> **Problem details**
Please repeat exactly the lines from the one containing "photo of modern" to the end of the entries below, both included, and omit all pictures.

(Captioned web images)

═══

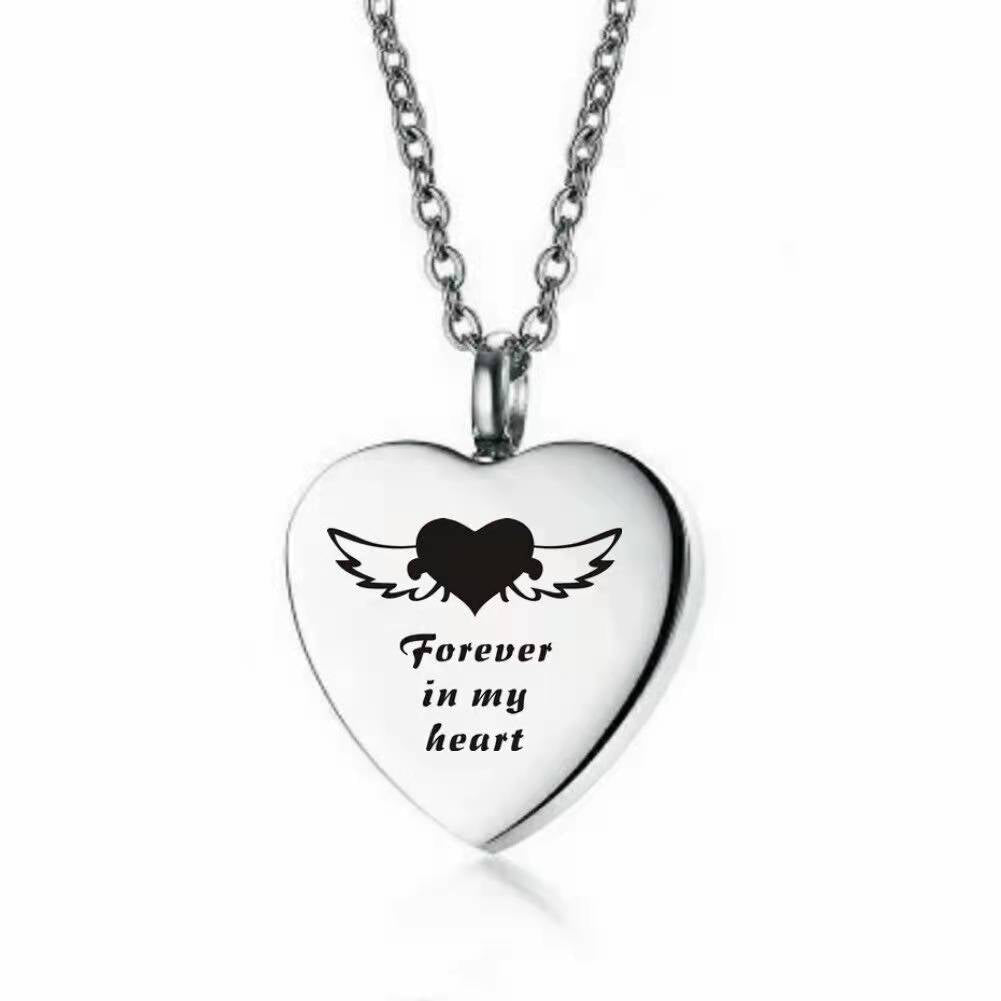 Heart-shaped Cremation Urn Necklace for Ashes-A001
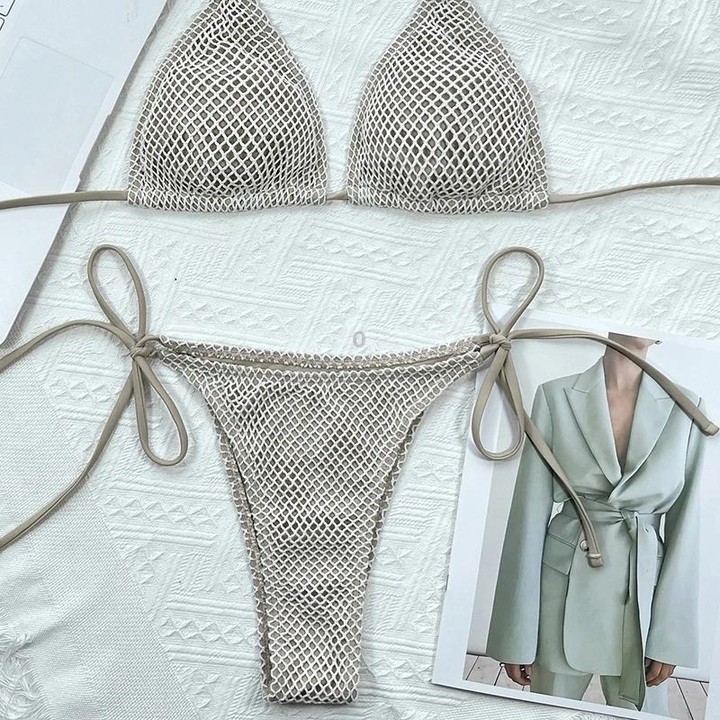 Women Halter Neck Tie Bikini Two-piece Set Female Swimsuit, Size: M(Khaki)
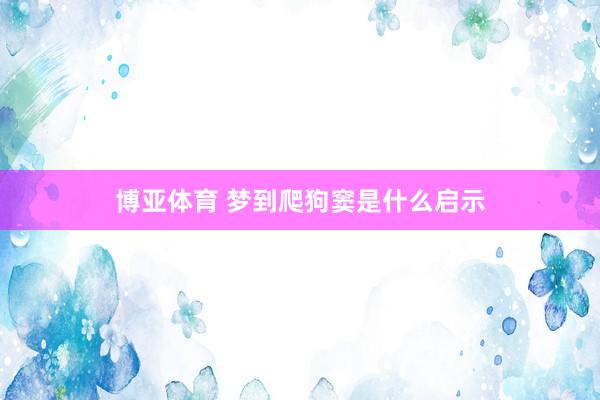 博亚体育 梦到爬狗窦是什么启示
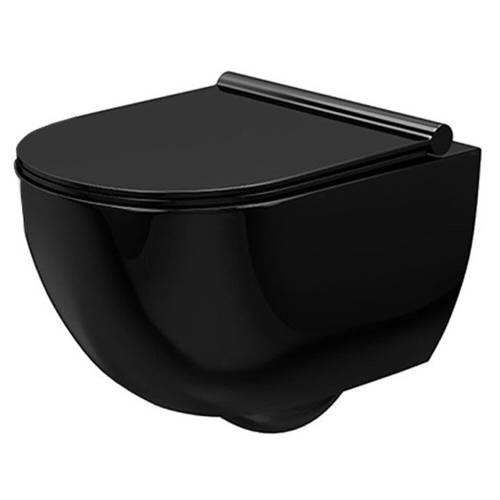 Set vas wc negru suspendat Rea Carter rimless capac softclose
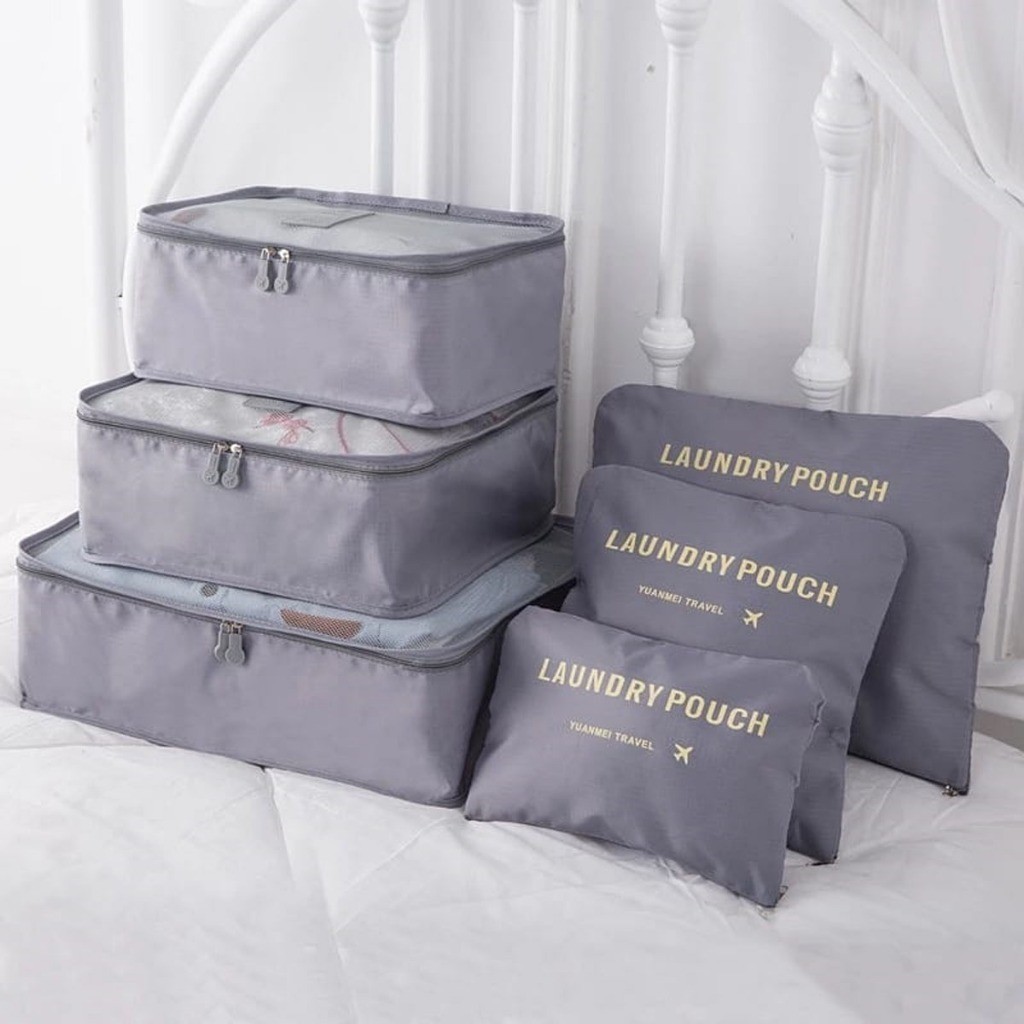Kit 6 Bolsa De Armazenamento Organizador De Mala De Bagagem Viagem Necessaire Bolsa - BM-F1067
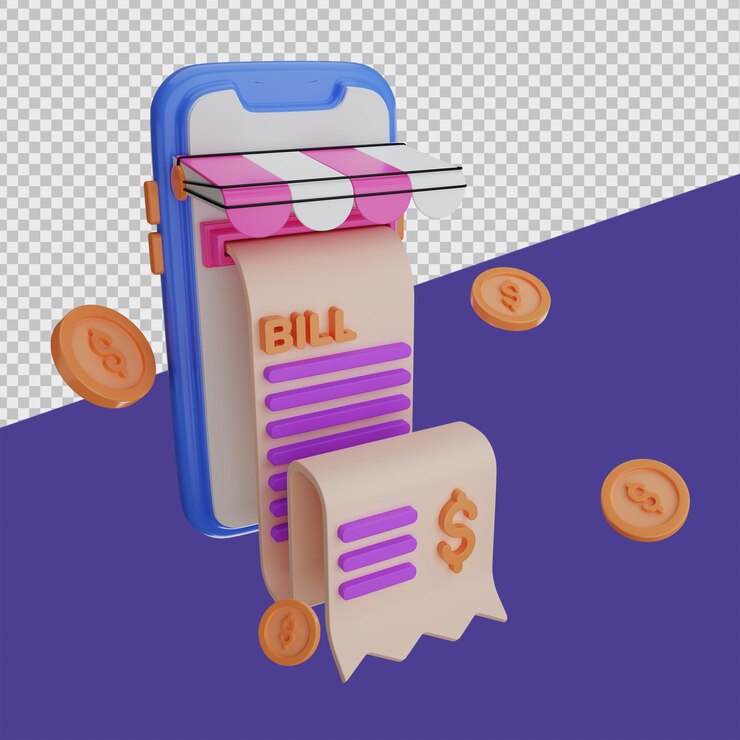 PSD compras bill 3d compras en línea ilustraciones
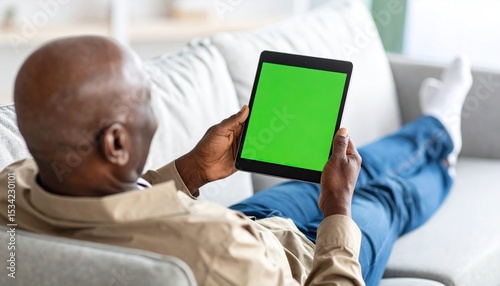 Relaxed senior man using a tablet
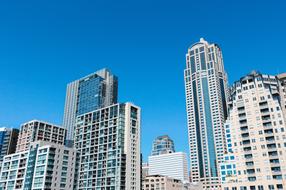 photo of modern skyscrapers against the blue sky in Washington DC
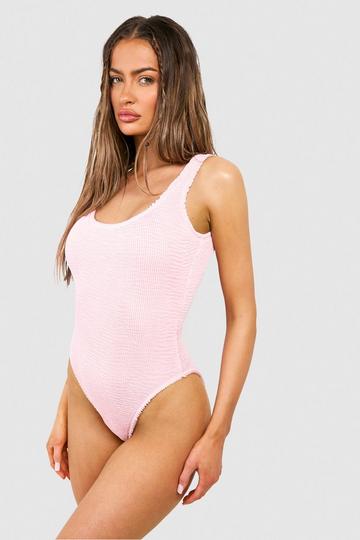Pink Premium Crinkle Scoop Neck Swimsuit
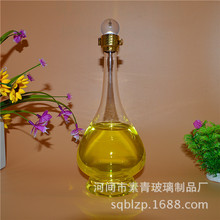 高硼硅玻璃空酒瓶 500ml透明水滴形酒瓶亚克力盖黄铜色卡扣密封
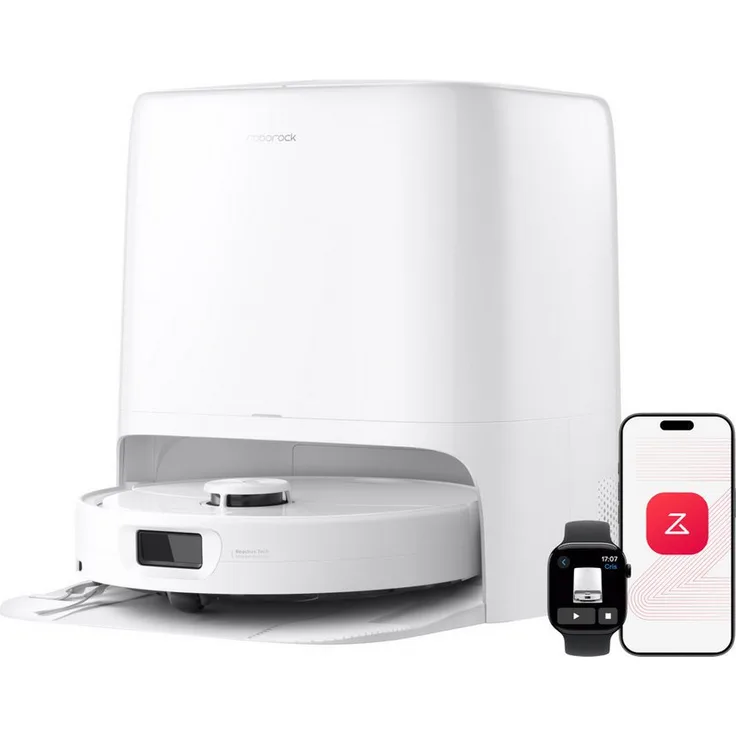Roborock Saugroboter Qrevo 2 Pro, Staubsauger mit Wischfunktion und 25.000 Pa Saugkraft, weiß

═══

> **Answer section**
 photo of modern skyscrapers against the blue sky in Washington DC
Pink Premium Crinkle Scoop Neck Swimsuit
 高硼硅玻璃空酒瓶 500ml透明水滴形酒瓶亚克力盖黄铜色卡扣密封
Roborock Saugroboter Qrevo 2 Pro, Staubsauger mit Wischfunktion und 25.000 Pa Saugkraft, weiß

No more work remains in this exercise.